7) Seventh rule and Eighth wonder
Seventh rule is simply to “Invest” – which will ultimately deliver the fruits of eighth wonder “Compounding”. There is no one-formula to solve this. But here’s how the cookie crumbles:
- 100 Rs of savings: 90 Strategic (long term) and 10 Tactical (roulette money)
- 90 Strategic: 63 in Equity (MFs + Stocks), 18 in Debt and 9 in Gold
- 10 Tactical: Maintain a separate bank and demat account for your thrill-plays. Take your chances. If you keep winning, you are well on course to be the next Oracle of Omaha! If you lose all – close the accounts. Don’t move money from strategic bucket to the tactical one, ever.

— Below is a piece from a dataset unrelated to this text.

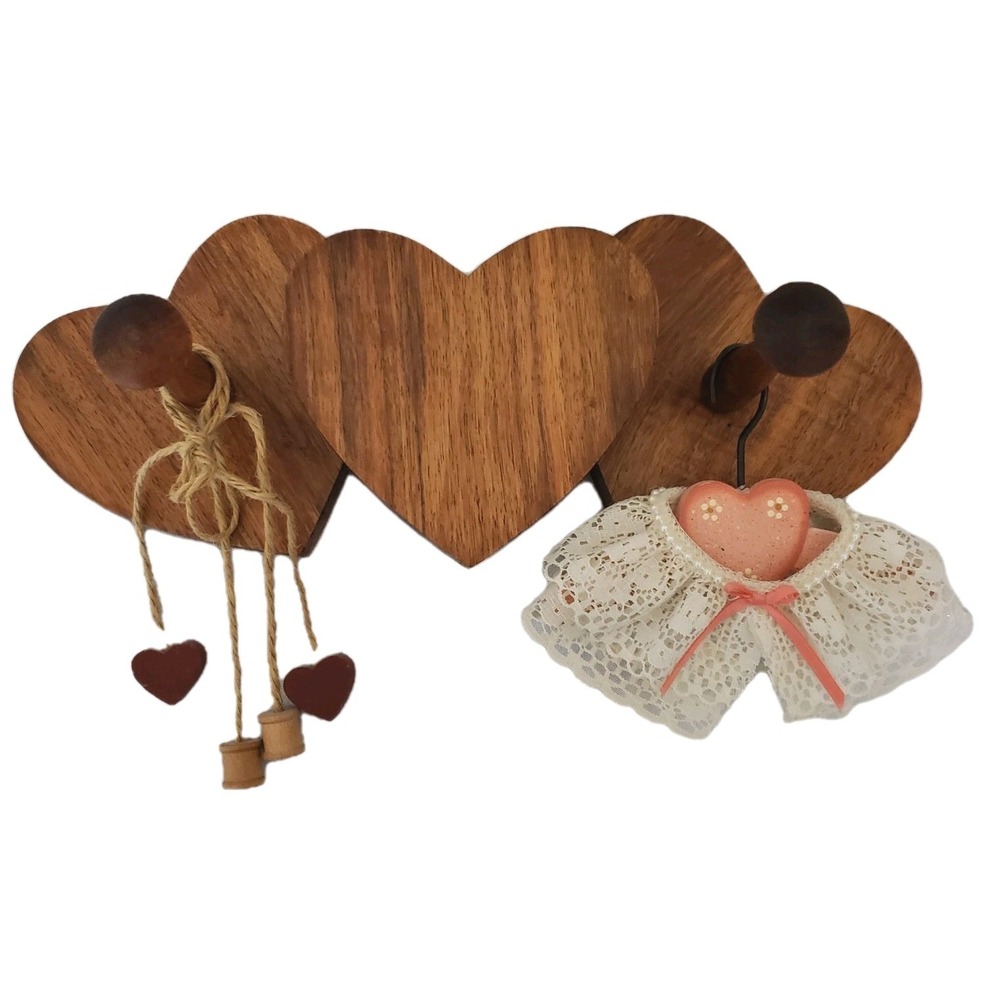 Rustic Wooden Triple Heart Mug Key Rack w Extras.‎ Cottagecore Country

- Changing & churning: While rebalancing with minor tweaks and moving among different classes is desirable, jumping between funds in the same category for the lure of numbers not so much. All that practice does is incur more costs. Once you buy a fund, hold it for 3-5 years. 1-2year performances are mostly a result of random chance and not skill.
8) Simple makes money
If it’s too fancy or good to be true, it probably is. Keep your investments simple and basic. Restrict equity allocation to Mutual funds if you don’t have time and know-how to dabble into stocks. In investments, most boring is the best product. Simple makes the most amount of money.
9) Know what to avoid
- Avoid high cost products. They never make money.
- Avoid Insurance which is linked with investment in any form or manner.

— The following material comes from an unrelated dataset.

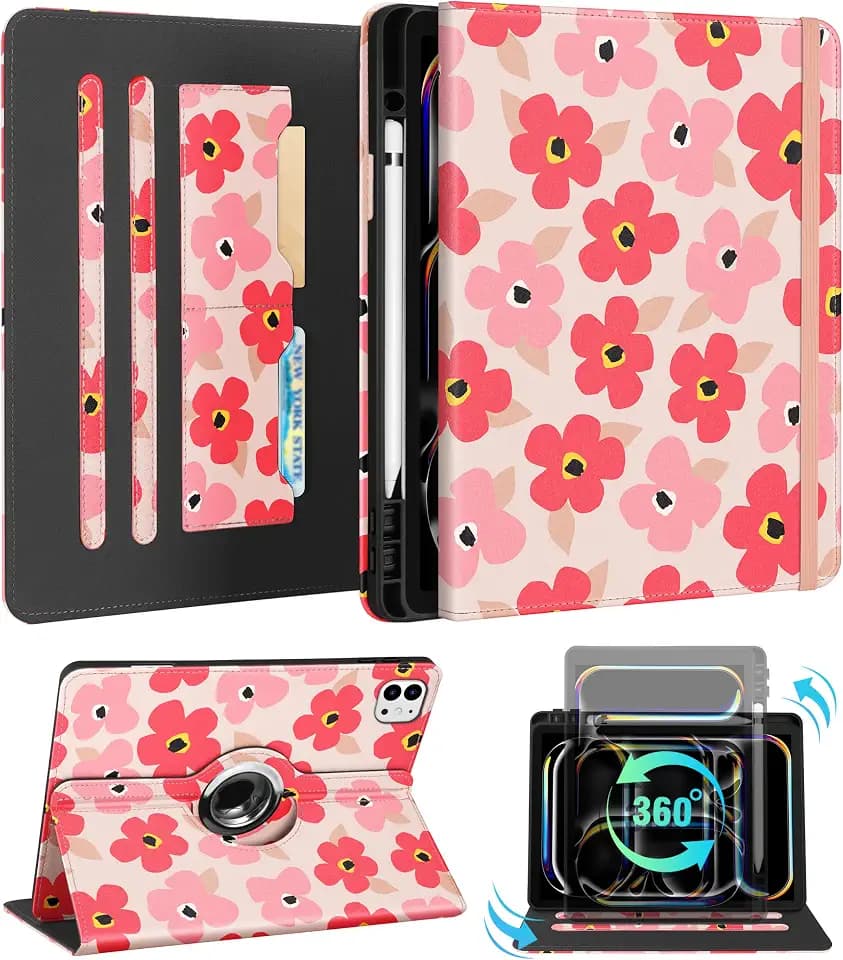 Kidcube for iPad Pro 13 inch M4(2024) / M5(2025) Case,Pink Floral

- Avoid structured products with complex pay-off models linked to trigger events
- Avoid real estate linked products like private equity funds, REITs, lease rental yield products etc
- Avoid AIFs, long-short derivative and hedging strategies
- Avoid Avoid Avoid – the more you avoid and less you adopt, the more your chances of winning the long game!
10) Love thy excel
You can be a poet at heart, but when it comes to managing your finances – you have to fall in love with your excel. More you record, more your register. More you track, more you deliver. If someone else is tracking things for you, it ain’t good enough.

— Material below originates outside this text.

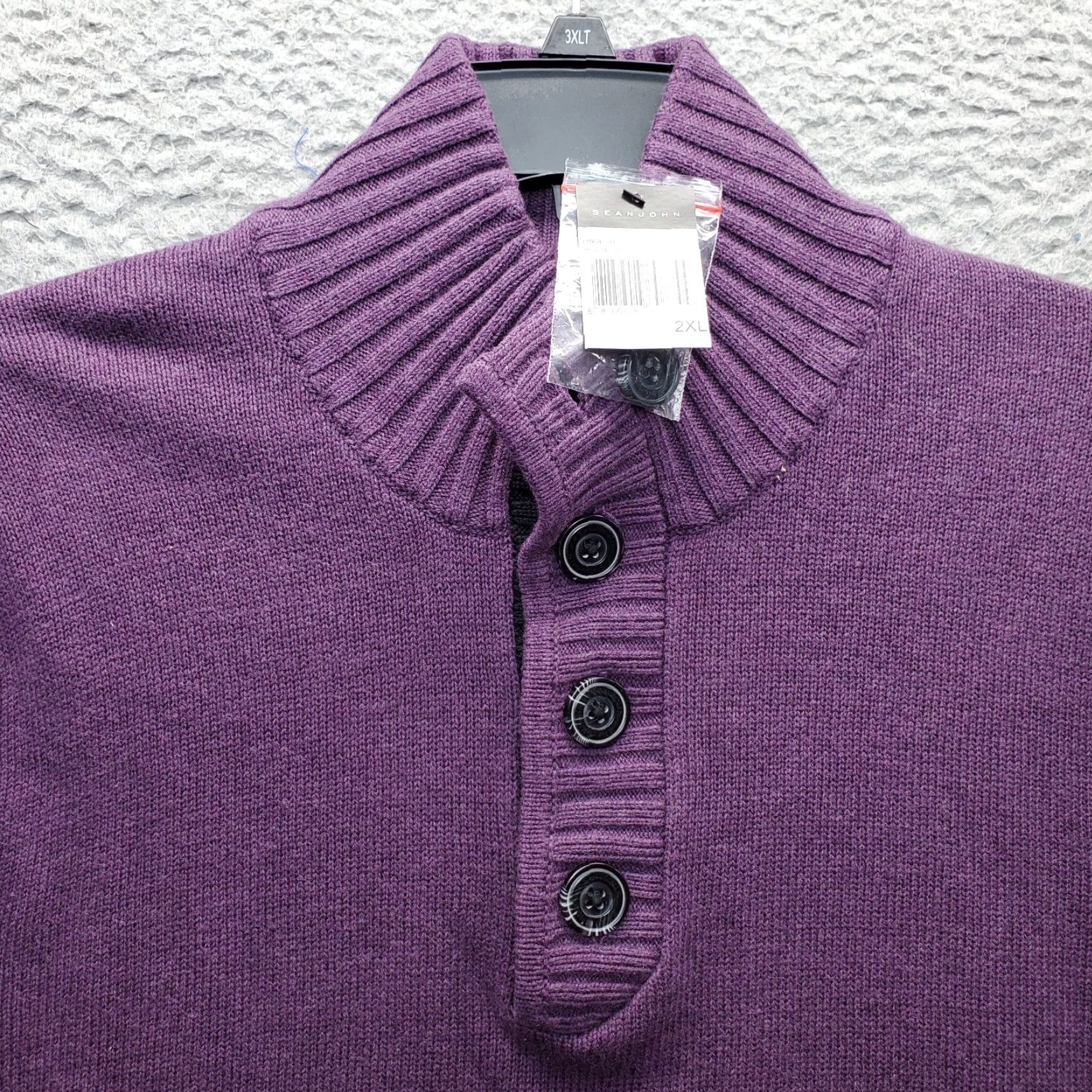 Sean John Sean John Sweater Mens Size 2XL Purple Long Sleeve Mock Neck Ribbed Hem Button Knit Pullover Folding into Casual Mens Sweater Size US XXL / EU 58 / 5 - 7 Thumbnail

After GOD – Believe in compounding! Magic happens if you have the patience to withstand the yin and yang of time, if you have the iron-will to curb temptation to avoid short term plays, if you have the discipline of following basics and be steadfast in your investing approach. Magic happens – believe in it 😊
To conclude, we will borrow from the famous lines of Rabindra Nath Tagore (and add some schezwan sauce to it) to succinctly wrap up what should be every rational investor’s mantra:
“Where the mind is without fear, and the head is held high; Into that heaven of financial freedom, my father, let my investors awake. Where knowledge is free; Where personal finance has not been broken up into fragments, By complex ill-defined product ideas; Where suggestions come out from the depth of truth, Where investors striving stretches towards debt-free life, Where the clear stream of reason has not lost its way, Into the dreary desert sand of high costs, Where the mind is led forward by advisors, Into ever-widening thought and action, Into that heaven of financial freedom, my Father, let my investors awake.”